With my background in marketing and advertising, I consider myself somewhat of an expert in communications. But recently it has come to my attention that the loud, über fast-paced, deadline-driven, visually, audibly and chemically over-stimulated world that we live in has actually deadened our communication skills as a society. (Or at least mine.) Subtlety and innuendo are a lost art. If you want to be heard you better shout and it better be in 140 characters or less because we don’t have time or the attention span for anything else.
In the last few weeks, I’ve made a concerted effort to s-l-o-w d-o-w-n, and in doing so I discovered something amazing. My dog is a master of the art of subtlety, but I’ve been too distracted to notice. He gives a series of nonverbal cues as to what he wants and only escalates them to an annoyingly loud level when I don’t acknowledge his previous attempts. For example, when he wants to play fetch he will look in the direction of his toy bin and then look back at me with inquisitive eyebrows, a big smile and a wagging tail. Then, he will bring a ball to me. If I don’t get the hint he will drop it at my feet and stare at it in hopes I will follow his line of sight and engage in playing. If that still doesn’t get my attention he will demonstrate “throwing” the ball by standing on the back of the sofa and dropping it.
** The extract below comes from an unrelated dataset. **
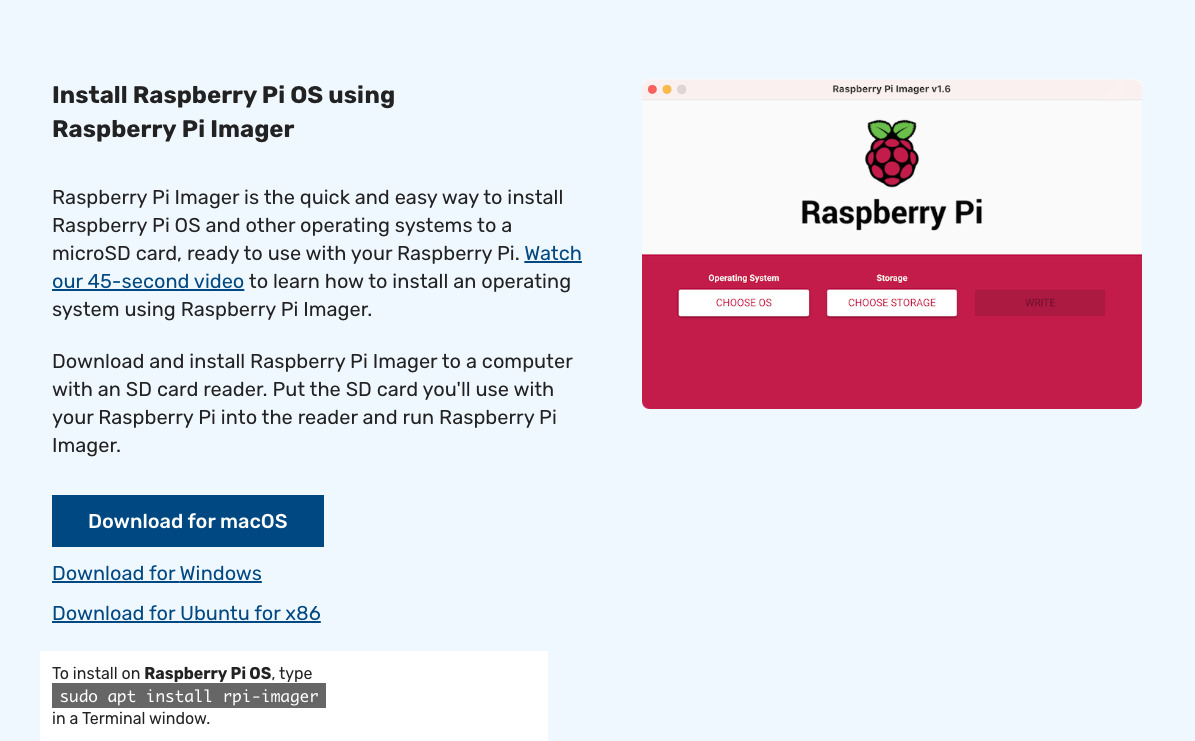 raspberry pi imager os download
If I haven’t started playing by now he assumes I must not like his initial toy selection, so he will get a different ball and go through the motions again. It is only as a last resort that he will drop the ball in my lap and start barking incessantly and at an eardrum-piercing level, because by this point it has become apparent to him that I will only respond to the most obvious and painful of tactics. The universe, it seems, uses the same playbook as my dog.
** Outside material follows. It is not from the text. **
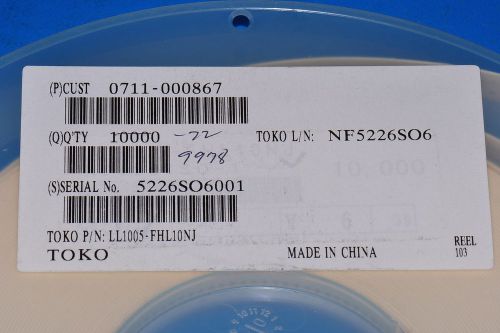 190-PCS IND CHIP MULTI-LAYER 10NH 5% 100MHZ 9Q-FACTOR 400MA 0402 LL1005-FHL10NJ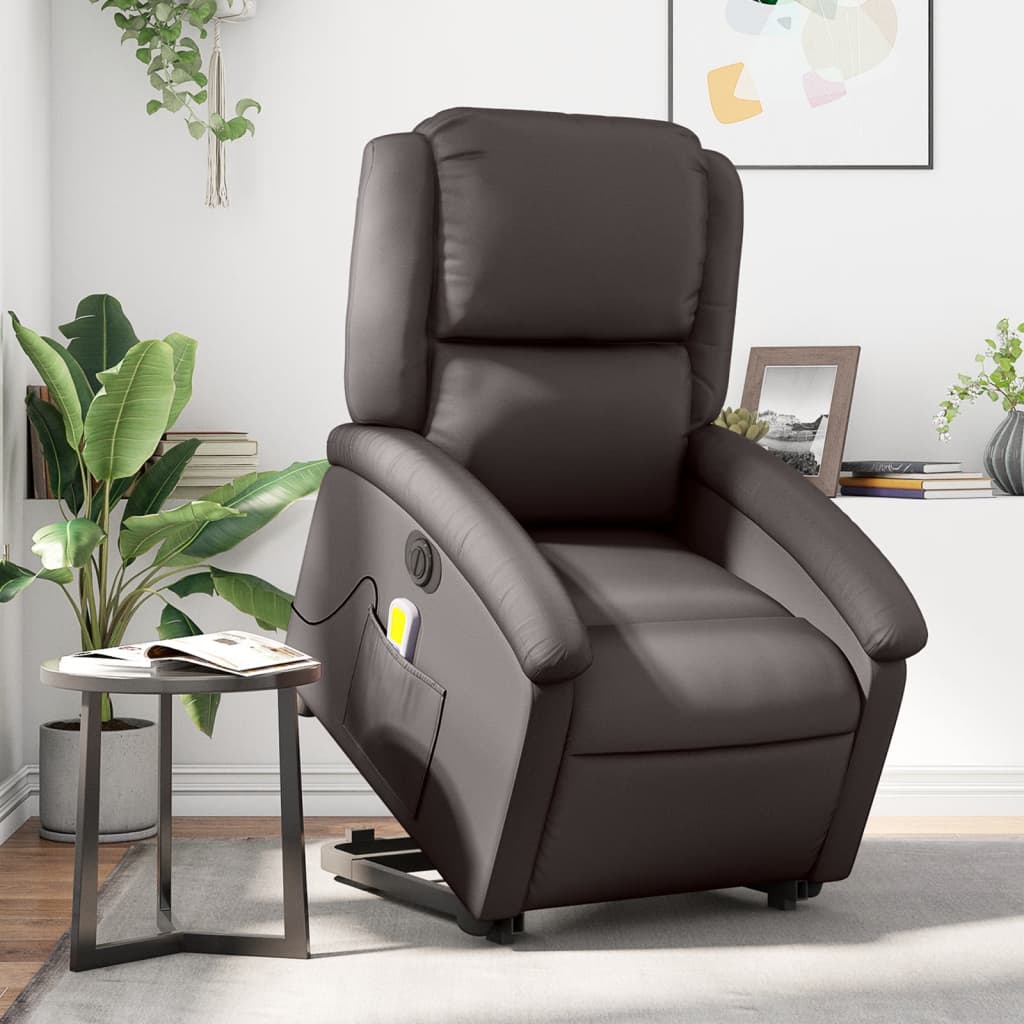 Sta-op-massagestoel elektrisch echt leer donkerbruin is nu te koop bij PeponiXL, paradijselijk wonen!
More often than not, I’ve had to learn my life lessons the hard way. In looking back though, there were always numerous opportunities to learn the same lesson through a less painful method. The trick is to slow down, be quiet and observant, and listen. The universe speaks to us in whispers all the time, giving us the advice we seek and steering us toward the right path and helpful people. If we don’t listen to the whispers we can eventually expect a shout or worse.
Don’t wait for life to bite you in the butt. Quiet down, observe the subtle cues, throw the ball and get into the game. Life is a lot more fun that way.